What follows is an impromptu essay I wrote one year, 10 months, and 22 days ago—the day my typewriter was delivered. It more or less explains why this site has seen so few posts.
For as long as I have been tasked with writing, and especially over the course of the last two years, I have had a tendency to become lost somewhere between conception and creation. Rather than simply being at a loss for words or structure, I have been plagued by an inescapable compulsion to “edit in place.” I gave the page a status of ultimate finality, for which few of my constructions were worthy.
In an abstract way, I lost my feeling for that which I was crafting. Words had meaning, but the piece had no spirit that I could detect. Absent a fundamental connection to the meaning of my work, articulation became little more than a logic problem: exercise for the mind symbolically representing reality. My writing process at the time resembled object-oriented programming far more than any sort of artistic expression: words were chosen according to function, sentences were formulas designed to return specific results, and paragraphs were containing classes whose sole purpose was to group these like results and allow for a smooth transition to the next phase of the program. The program was complete when all aspects of a position had been accurately described. There was no craftsmanship here, only the sort of bland engineering found in the worst of software user manuals.

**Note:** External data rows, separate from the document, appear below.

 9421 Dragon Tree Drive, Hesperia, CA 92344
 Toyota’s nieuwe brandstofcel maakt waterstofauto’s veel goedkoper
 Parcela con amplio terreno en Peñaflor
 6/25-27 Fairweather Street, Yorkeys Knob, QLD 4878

Once I finally managed to unload my verbiage onto the page, this process of engineering continued—albeit in a different form. The next phase of construction was editing for punctuation which, tellingly, was my favorite part. Technical mastery was all that mattered, and there was perverse pleasure in utilizing the oft-neglected semicolon. Concept flow (e.g. the location of paragraphs) was almost always perfect, owing to the fact that the paragraphs had been designed as logical machines rather than expressive missives. The end result of all this was a technically sound document, for which I held no passions, which had taken at least twice as long to write as it would have were I to have written from my heart rather than my brain.
A few months ago, I decided to take a break from writing and consider how I had come to be in this situation. I soon realized that, for several reasons, the entire scenario was the result of my composing using a computer. “Of course I program my writings,” I thought, “I have spent the last six months writing Python and C++ programs with this same keyboard!” “It is no wonder I can’t focus on articulation,” I continued, “I automatically associate sitting in this chair with doing three things at once!” It suddenly became clear to me, how I had come to forget the value of my words: I had unconsciously labeled them as yet more meaningless electrons being carried on the wires of my computer’s circuitry, none distinct from its neighbors.

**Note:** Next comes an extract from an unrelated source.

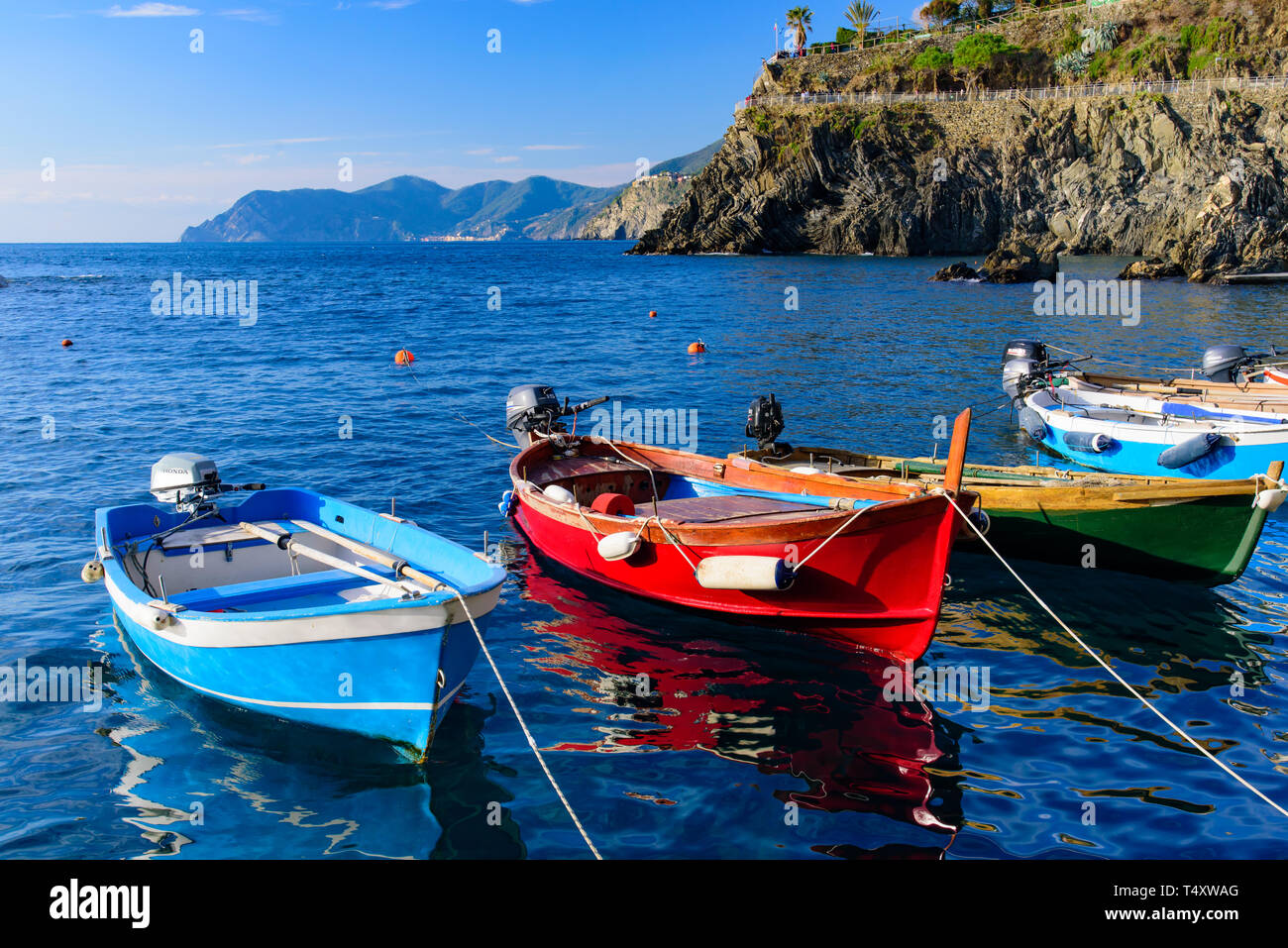 Fischerboote in Manarola, einer der fünf mediterranen Dörfer der Cinque Terre, Italien, bekannt für seine bunten Häuser und den Hafen. Stockfoto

That discovery made clear to me other problems which stemmed from my use, and knowledge, of a computer in my writing process. For the most part, I never finished pieces whose composition was interrupted. This was a direct result of my not valuing my words; I failed to see any advantage to adding to that which was worthless. Still worse, I never printed the pieces I did manage to complete; and I never read them onscreen because they didn’t feel “real” (a manifestation of the “meaningless electrons” paradigm). These problems combined to produce the feeling that I had never actually produced anything in spite of the sometimes enormous effort I expended. Uncovering the root causes of that feeling, which had threatened to end my writing career before it began, gave rise to the reasoning which resulted in this very document.

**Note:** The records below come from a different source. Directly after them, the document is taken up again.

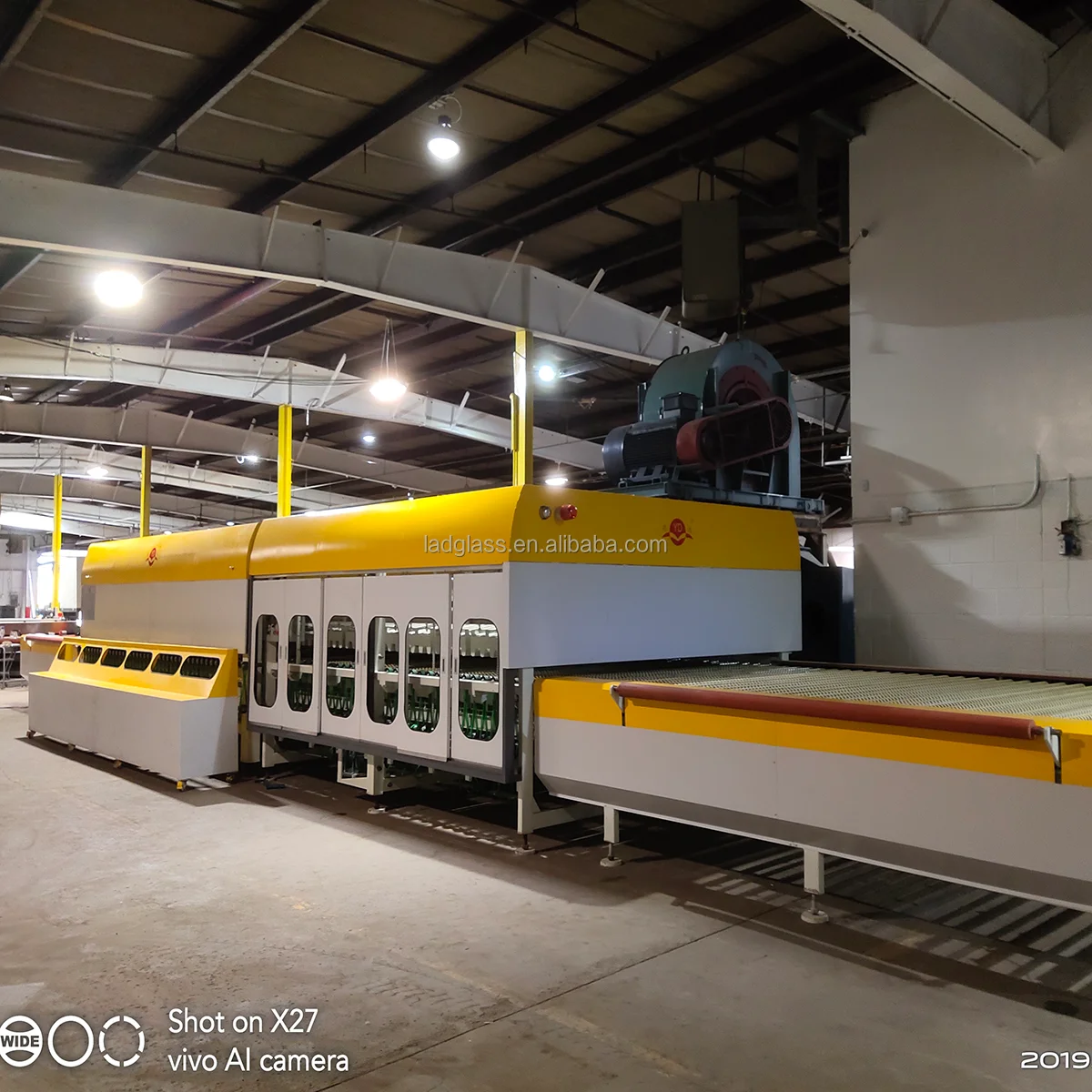 Flat Glass or Single Curvature Glass Tempering Furnace for Safety Building Glass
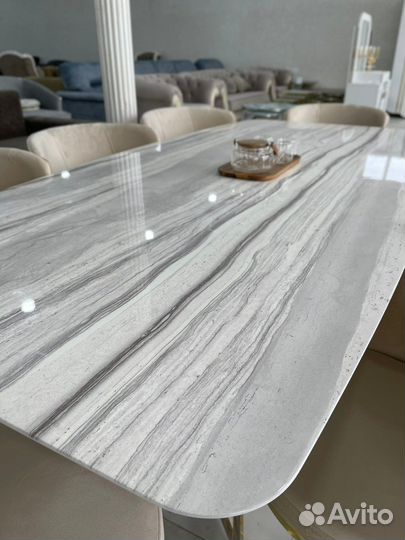 Стол Glory и Sham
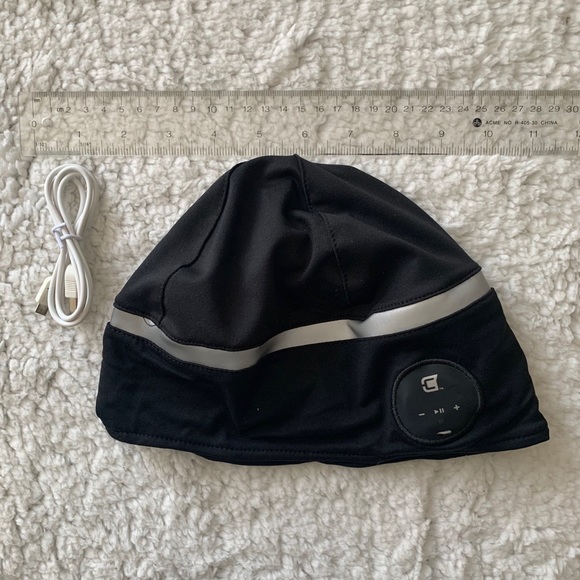 🎉 Bluetooth sports hat NWT - Picture 3 of 4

I surmised that what I needed most was something to inject a sense of permanence into my writing. “Surely,” I thought, “an instantaneous permanent record of what I have written will eliminate both my ‘in place editing’ and my negligence with regard to reading what I have written; the page will lose its status of finality because filling it is the measure of progress, not the result.” The simplest (and most obvious) way to satisfy this need would be, of course, writing by hand. This was not a valid option for me, however, due to my spasticity and the awful writer’s cramp it quickly generates. It took almost no time at all for me to realize that a typewriter was the next best thing to writing by hand, and within a week I had won an eBay auction for the Olympia Report de Luxe (featured in You’ve Got Mail as the typewriter model with which Greg Kinnear’s character was obsessed) that I am presently using to write this. I specifically wanted a typewriter (instead of the more recently developed word processor) because it seemed possible that I might use the pre-printing display of a word processor as a means to “edit in place.”
The $60 cost of this machine has proved to be money well spent, as I have felt a real connection to the words typed from the moment I first tested its functioning. Case in point, I am confident that I could never have managed to write this piece using my computer. Somewhere in the feeling of the keys’ resistance to my fingers’ imposition and the seemingly thunderous noise of the page being struck, there is a spiritual connection made between my living brain and the slaughtered trees upon which I expound my musings…a connection the likes of which I doubt any author could write without.